--- Work instructions ---
In the entries below, find the line with "Choice G says" and the line with "In this tutorial". Return those two lines and all lines between them, exactly.

--- Material shown ---

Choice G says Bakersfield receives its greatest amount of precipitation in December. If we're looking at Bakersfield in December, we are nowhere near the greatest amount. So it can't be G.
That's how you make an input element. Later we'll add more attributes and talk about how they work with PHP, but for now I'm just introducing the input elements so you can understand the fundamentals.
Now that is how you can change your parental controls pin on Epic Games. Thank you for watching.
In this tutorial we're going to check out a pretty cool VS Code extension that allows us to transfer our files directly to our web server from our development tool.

---

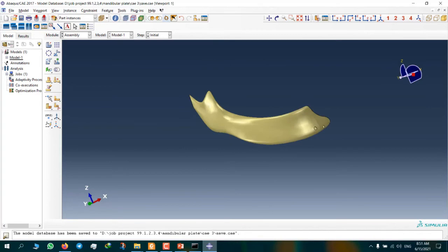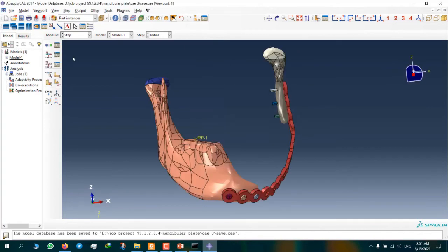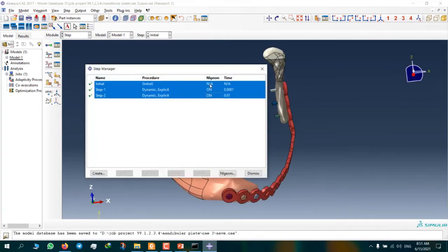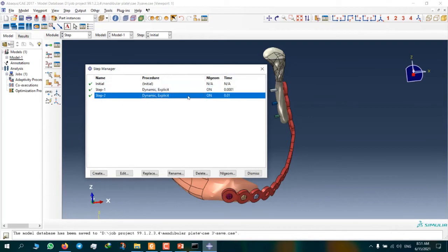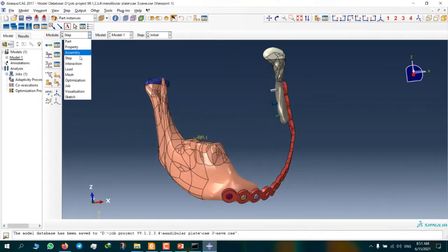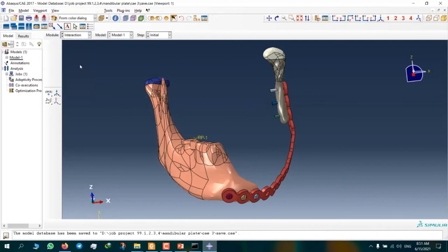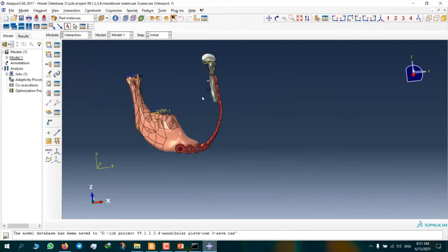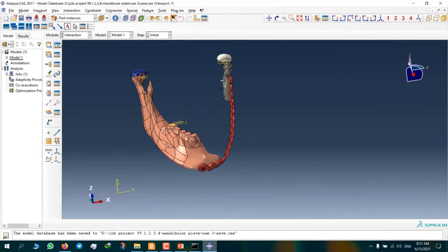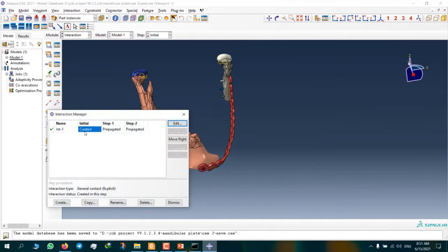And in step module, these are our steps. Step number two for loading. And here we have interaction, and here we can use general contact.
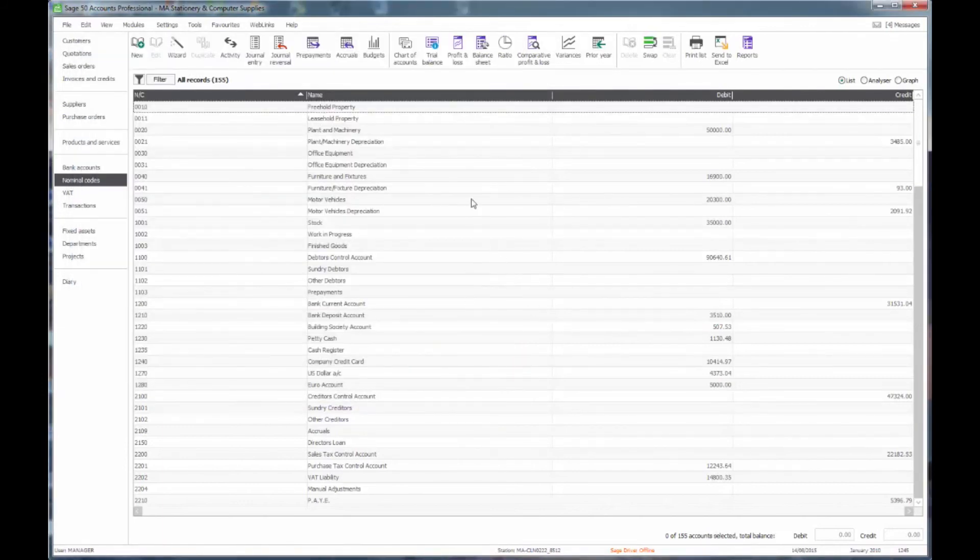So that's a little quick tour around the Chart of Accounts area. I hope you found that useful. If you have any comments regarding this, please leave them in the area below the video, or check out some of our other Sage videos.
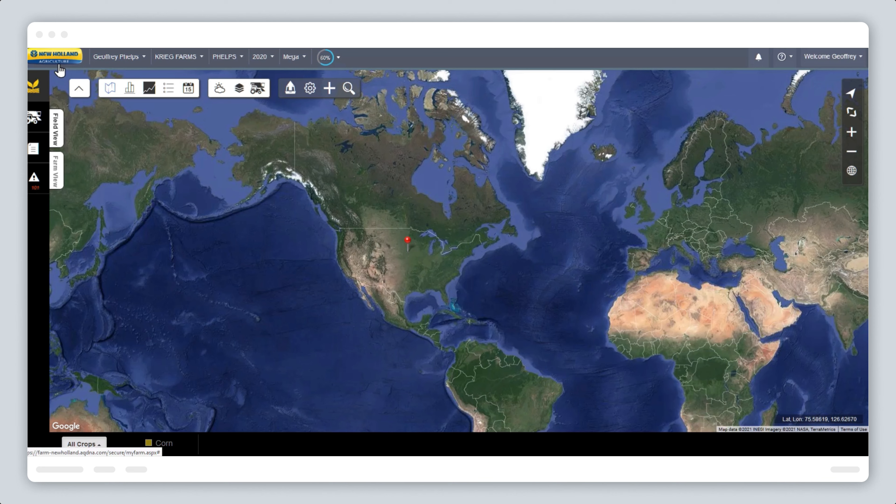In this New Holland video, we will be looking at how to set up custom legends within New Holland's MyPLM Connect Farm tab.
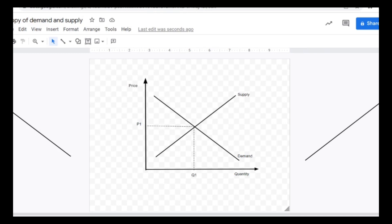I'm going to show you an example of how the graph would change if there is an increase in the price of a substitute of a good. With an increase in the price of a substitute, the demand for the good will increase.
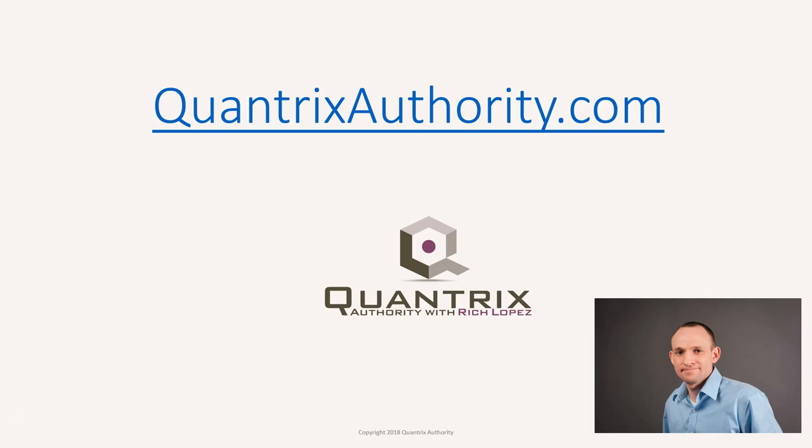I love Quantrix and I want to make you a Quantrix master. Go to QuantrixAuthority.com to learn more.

--- Solution ---
Choice G says Bakersfield receives its greatest amount of precipitation in December. If we're looking at Bakersfield in December, we are nowhere near the greatest amount. So it can't be G.
That's how you make an input element. Later we'll add more attributes and talk about how they work with PHP, but for now I'm just introducing the input elements so you can understand the fundamentals.
Now that is how you can change your parental controls pin on Epic Games. Thank you for watching.
In this tutorial we're going to check out a pretty cool VS Code extension that allows us to transfer our files directly to our web server from our development tool.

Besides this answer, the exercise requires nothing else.